WORK TO BE COMPLETED: Each line of the material should be set down exactly. Pictures are not part of the copy.

INPUT DATA:

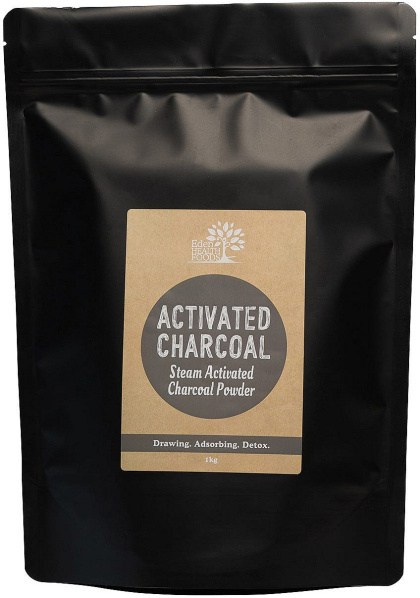 Eden Healthfoods Activated Charcoal Steam Activated Charcoal Powder 1kg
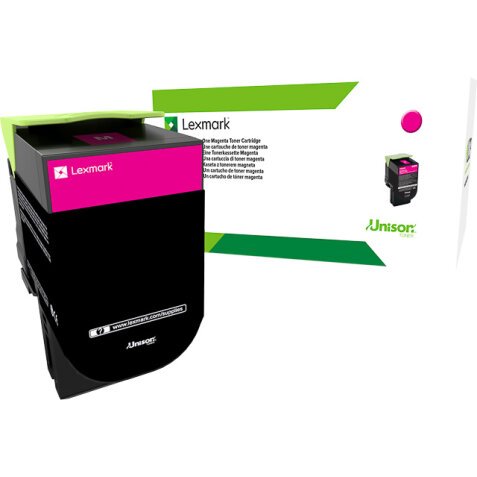 Lexmark - Magenta - original - Tonerpatrone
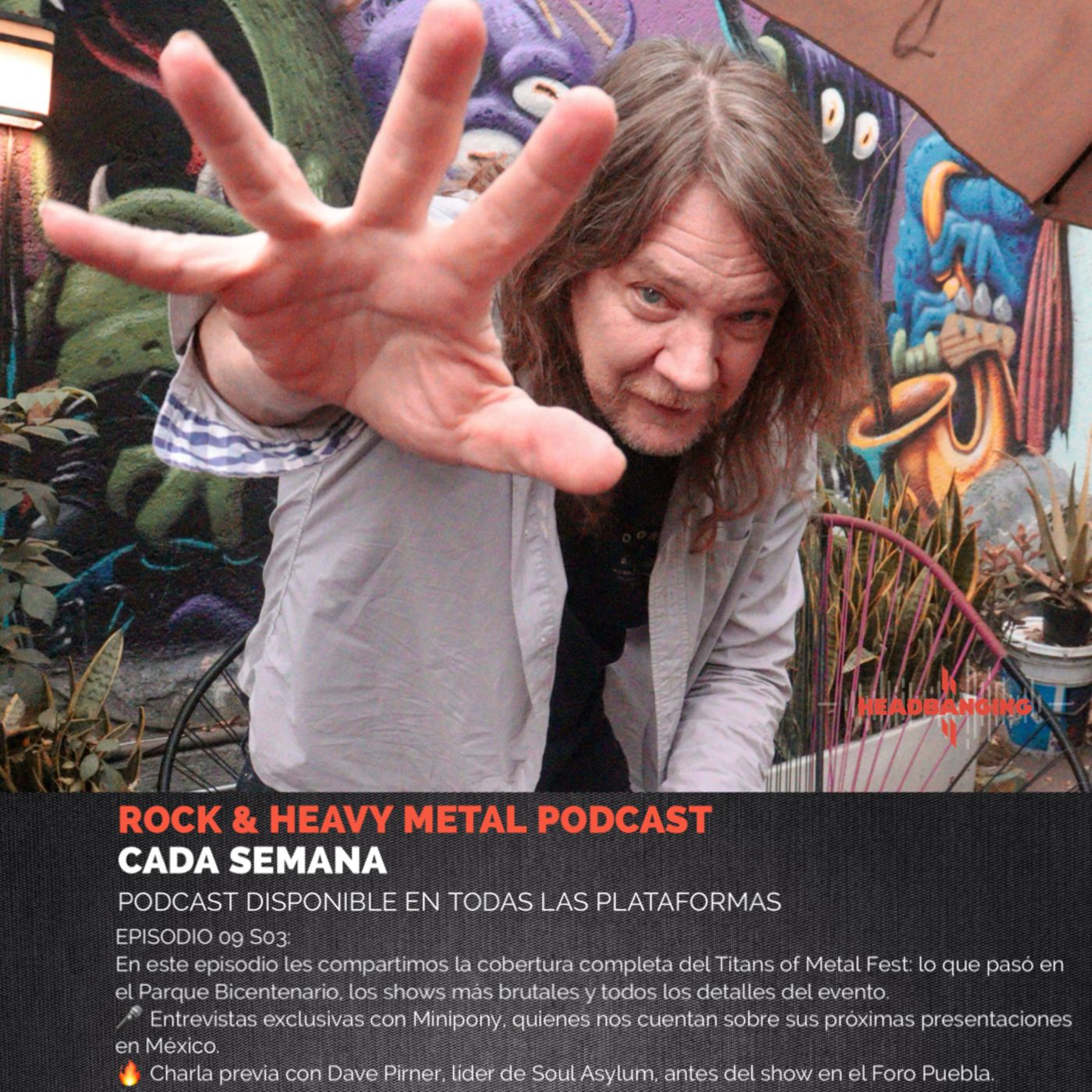 HeadbangingMX, Rock y Heavy Metal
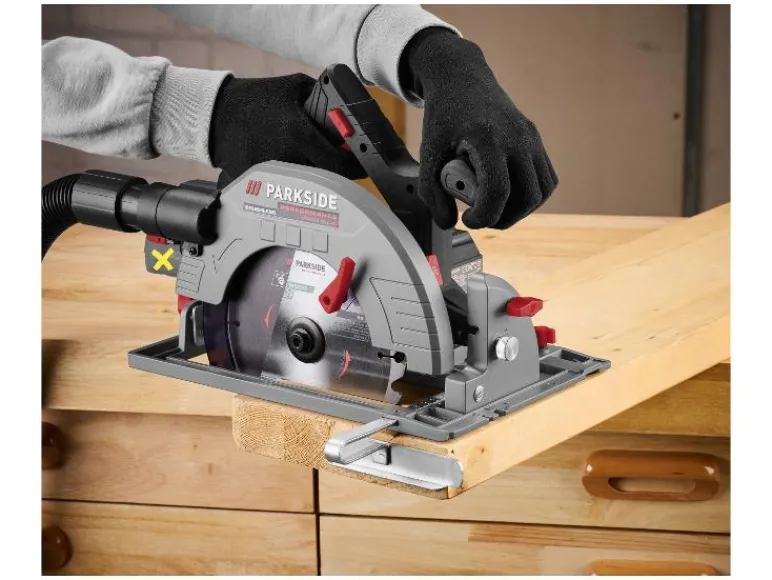 Accu-cirkelzaag 40 V met accu's en lader<PARKSIDE PERFORMANCE® Hot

REPLY TO THE TASK:
 Eden Healthfoods Activated Charcoal Steam Activated Charcoal Powder 1kg
 Lexmark - Magenta - original - Tonerpatrone
 HeadbangingMX, Rock y Heavy Metal
 Accu-cirkelzaag 40 V met accu's en lader<PARKSIDE PERFORMANCE® Hot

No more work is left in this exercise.